Exercise aim
Your answer should be the records, copied exactly, with the pictures removed.
(Beginning of Provided data)
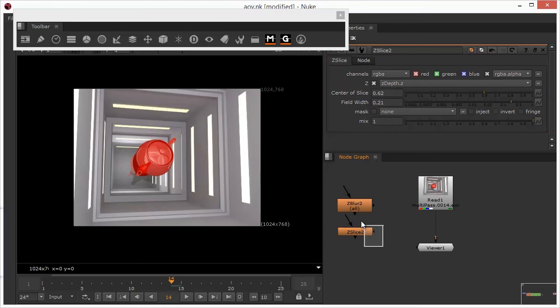So that's just some pretty useful, but nevertheless fairly straightforward uses of arbitrary output variables. I think we'll wrap up at this point. In the second part of the tutorial, we'll take a look at some more complex uses of AOVs.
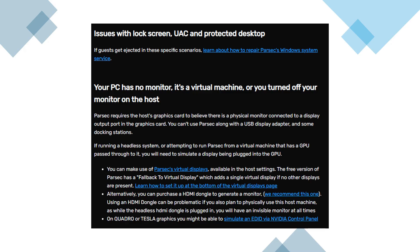Error can also occur if your host PC doesn't have a physical monitor attached, you're using a virtual machine, or you've turned off the monitor. Parsec requires the GPU to detect an active display.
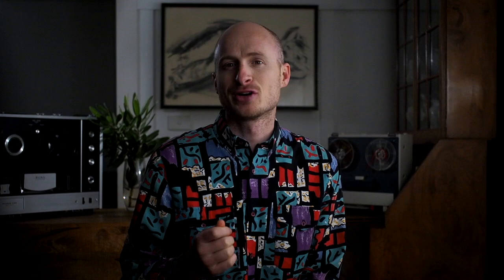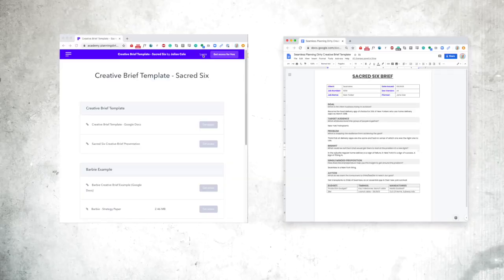If you are looking for more information on writing creative briefs or looking for a free creative brief template, you can download this and more at the Planning Dirty Academy.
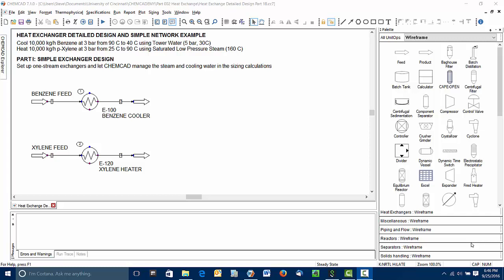This is the first of several videos where we're going to look at the detailed design of heat exchangers and put together a simple heat exchange network.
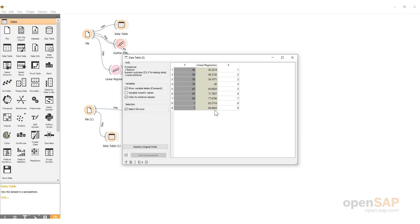So basically what you've done here is built a linear regression model, visualized the data, assessed some of the performance metrics, and then used that predictive model — applied it onto new data to predict missing values in that new data.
(End of Provided data)
Result for this exercise
So that's just some pretty useful, but nevertheless fairly straightforward uses of arbitrary output variables. I think we'll wrap up at this point. In the second part of the tutorial, we'll take a look at some more complex uses of AOVs.
Error can also occur if your host PC doesn't have a physical monitor attached, you're using a virtual machine, or you've turned off the monitor. Parsec requires the GPU to detect an active display.
If you are looking for more information on writing creative briefs or looking for a free creative brief template, you can download this and more at the Planning Dirty Academy.
This is the first of several videos where we're going to look at the detailed design of heat exchangers and put together a simple heat exchange network.
So basically what you've done here is built a linear regression model, visualized the data, assessed some of the performance metrics, and then used that predictive model — applied it onto new data to predict missing values in that new data.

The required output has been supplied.